On November 2, 1970, Gulf and Frouge settled their quarrel. On the same day, however, a state appellate court ruled on one of the long-running lawsuits against the 1965 development approval. Verdict: the plan must be submitted all over again. “To invalidate a multimillion-dollar development on a technicality is silly,” snapped a counsel for Gulf Oil. Robert Praetzel, whose legal theory was the one that prevailed, still bristles at this. “The technicality was the fact that they didn’t follow the law.”
By then an alternative to Marincello was coming into view. A government study, focused initially on Alcatraz Island, had raised the possibility of a national park around the Golden Gate. The Headlands forts, obviously, would be part of it. The Marincello site was almost immediately recognized as their necessary complement. In the ensuing two years the park concept would balloon, yielding the vast Golden Gate National Recreation Area (GGNRA) we now accept as our birthright.
Behind the scenes, Huey Johnson, then Western Regional Director of The Nature Conservancy, had begun talking to Gulf Oil, holding out an alternative to continued battle. At the end of 1972, the company sold the Marincello site for $6.5 million dollars to the Conservancy, which passed the site to the National Park Service.

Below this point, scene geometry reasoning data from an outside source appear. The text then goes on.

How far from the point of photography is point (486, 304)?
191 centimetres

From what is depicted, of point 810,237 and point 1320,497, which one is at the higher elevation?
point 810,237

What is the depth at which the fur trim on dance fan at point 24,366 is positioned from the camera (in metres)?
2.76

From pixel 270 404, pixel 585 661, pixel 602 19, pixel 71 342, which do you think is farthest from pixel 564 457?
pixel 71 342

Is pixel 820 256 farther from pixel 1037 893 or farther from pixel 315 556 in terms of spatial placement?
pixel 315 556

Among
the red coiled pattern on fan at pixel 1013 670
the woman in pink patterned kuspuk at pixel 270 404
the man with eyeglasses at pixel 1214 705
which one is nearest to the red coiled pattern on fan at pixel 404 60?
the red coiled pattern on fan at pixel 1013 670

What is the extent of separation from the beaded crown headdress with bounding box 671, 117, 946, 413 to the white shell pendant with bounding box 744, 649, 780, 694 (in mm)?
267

Today the Marin Headlands is one of the most visited, most appreciated sections of the GGNRA, itself the most heavily visited national park in the country. Four million people, park planners estimate, head over Conzelman Road, through the Rodeo tunnel, or out Tennessee Valley every year, while the land remains prime habitat for coyotes and bobcats and, reportedly, mountain lions. Bird watchers flock to see the resident peregrine falcons and hundreds of migrating raptors. Hikers, bikers, joggers, and equestrians travel the ridges, in fog or in sunshine. Amateur botanists kneel to the flowers that, in spring, seem to cross the landscape in waves. History buffs look out from the old gun emplacements toward the horizon over which enemy fleets never came. Kids and adults at The Headlands Institute learn of the landscape and its stories. Artists of all kinds converge at the Headlands Center for the Arts. Across the way at the Marine Mammal Center, crews tend to injured seals and sea lions. Nobody seems to complain about the wind.
Few people puffing up Wolfback Ridge or meandering along the floor of what is now called Gerbode Valley (named for a Nature Conservancy donor) have any idea what was slated to be built here. But rising from the trailhead in Tennessee Valley is a curious swathe in the landscape, a gently climbing, brush-covered shelf that is far too wide for a fire road. It is all that remains of Marincello. It will be there for hundreds of years.